Unimep: passado de juventude e ousadia

Pessoas envelhecem. Instituições envelhecem porque, por vezes, mantem no poder apenas os que estão envelhecendo e que se julgam, pela idade acumulada, no direito de definir e dirigir o futuro que não lhes diz mais respeito. Houve épocas em que era possível se ter tempo para se adequar às mudanças. Hoje isso é quase impossível dada a velocidade com que a tecnologia produz alterações. Reagir a elas, insistindo em práticas do passado, é simplesmente se colocar à distância dos mais jovens – sendo quase impossível responder às expectativas das novas gerações.

A UNIMEP da qual tanto se falou nesta semana e de cujo fim tantos lamentaram foi uma Universidade que – à época em que desenhou sua personalidade, seus compromissos e as linhas que a marcariam durante décadas – era fundamentalmente composta por gente jovem, abaixo dos 40, em começo de carreira docente, repleta de sonhos. Seus reitores, em seus primeiros mandatos eram jovens. E o mandato dado a Elias Boaventura se imbuiu desses fatores – o da luta de gente jovem que queria se fazer ouvir na nova instituição que surgia em Piracicaba.
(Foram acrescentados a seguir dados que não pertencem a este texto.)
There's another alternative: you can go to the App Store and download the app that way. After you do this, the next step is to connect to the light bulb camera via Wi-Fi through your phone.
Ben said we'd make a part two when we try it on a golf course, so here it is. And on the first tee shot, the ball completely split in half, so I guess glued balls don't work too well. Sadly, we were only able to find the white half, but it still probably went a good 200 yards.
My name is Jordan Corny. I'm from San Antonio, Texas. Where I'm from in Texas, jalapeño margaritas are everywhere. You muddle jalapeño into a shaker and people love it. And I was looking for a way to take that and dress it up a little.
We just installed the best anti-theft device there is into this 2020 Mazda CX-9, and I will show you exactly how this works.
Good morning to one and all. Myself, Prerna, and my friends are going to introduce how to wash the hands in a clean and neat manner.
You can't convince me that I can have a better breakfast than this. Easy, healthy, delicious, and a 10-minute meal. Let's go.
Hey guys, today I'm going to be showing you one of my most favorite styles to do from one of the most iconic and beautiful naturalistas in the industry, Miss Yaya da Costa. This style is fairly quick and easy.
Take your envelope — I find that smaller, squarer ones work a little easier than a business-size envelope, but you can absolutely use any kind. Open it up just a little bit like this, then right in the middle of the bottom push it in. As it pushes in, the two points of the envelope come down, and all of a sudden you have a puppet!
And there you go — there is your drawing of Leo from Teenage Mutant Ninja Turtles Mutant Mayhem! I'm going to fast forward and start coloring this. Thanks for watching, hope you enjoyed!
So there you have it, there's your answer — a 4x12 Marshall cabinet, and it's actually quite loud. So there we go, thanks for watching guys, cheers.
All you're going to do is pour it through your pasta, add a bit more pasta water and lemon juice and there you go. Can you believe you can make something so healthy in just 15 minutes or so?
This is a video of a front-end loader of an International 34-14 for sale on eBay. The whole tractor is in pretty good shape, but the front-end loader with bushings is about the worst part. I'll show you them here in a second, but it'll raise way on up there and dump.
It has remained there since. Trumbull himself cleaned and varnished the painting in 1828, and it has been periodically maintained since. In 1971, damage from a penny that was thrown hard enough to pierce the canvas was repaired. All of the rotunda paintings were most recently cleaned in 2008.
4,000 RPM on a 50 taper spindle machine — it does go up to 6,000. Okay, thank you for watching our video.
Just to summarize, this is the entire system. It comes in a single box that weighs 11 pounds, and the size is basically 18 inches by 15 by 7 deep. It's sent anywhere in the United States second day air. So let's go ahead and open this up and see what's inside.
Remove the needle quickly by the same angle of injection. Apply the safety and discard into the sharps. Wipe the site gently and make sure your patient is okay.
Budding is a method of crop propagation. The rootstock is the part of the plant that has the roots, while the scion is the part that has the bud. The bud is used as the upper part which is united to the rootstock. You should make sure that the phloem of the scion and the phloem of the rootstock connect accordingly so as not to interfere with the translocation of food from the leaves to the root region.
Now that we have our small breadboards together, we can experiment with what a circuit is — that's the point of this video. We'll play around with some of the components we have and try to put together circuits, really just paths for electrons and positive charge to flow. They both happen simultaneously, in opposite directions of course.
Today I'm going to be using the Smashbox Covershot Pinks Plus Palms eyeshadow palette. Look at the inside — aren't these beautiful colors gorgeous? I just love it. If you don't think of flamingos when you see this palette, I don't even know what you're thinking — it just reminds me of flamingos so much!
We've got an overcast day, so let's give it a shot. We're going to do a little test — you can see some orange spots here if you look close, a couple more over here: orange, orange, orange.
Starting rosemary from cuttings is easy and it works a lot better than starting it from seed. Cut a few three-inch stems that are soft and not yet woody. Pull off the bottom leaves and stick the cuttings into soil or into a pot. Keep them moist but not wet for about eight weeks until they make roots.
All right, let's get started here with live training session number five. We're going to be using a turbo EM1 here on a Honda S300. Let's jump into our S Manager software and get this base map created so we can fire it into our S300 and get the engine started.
É preciso, todavia, entender que a UNIMEP só pode se fixar como uma Universidade de ousadia, de linguagens fortes, de confrontos corajosos porque ela surgiu num tempo que pedia tudo isso. E que seus jovens dirigentes entenderam que era isso que se pedia nas ruas, com que se ousava sonhar, que era preciso enfrentar, exatamente quando o país tentava garantir sua redemocratização. Naqueles anos 1980, conjugaram-se duas figuras essenciais para que isso acontecesse: Elias Boaventura – levado à reitoria da instituição aos 42 anos (Almir Maia quando vice-reitor tinha 34 anos), mas também João Herrmann Neto – prefeito de Piracicaba com apenas 30 anos.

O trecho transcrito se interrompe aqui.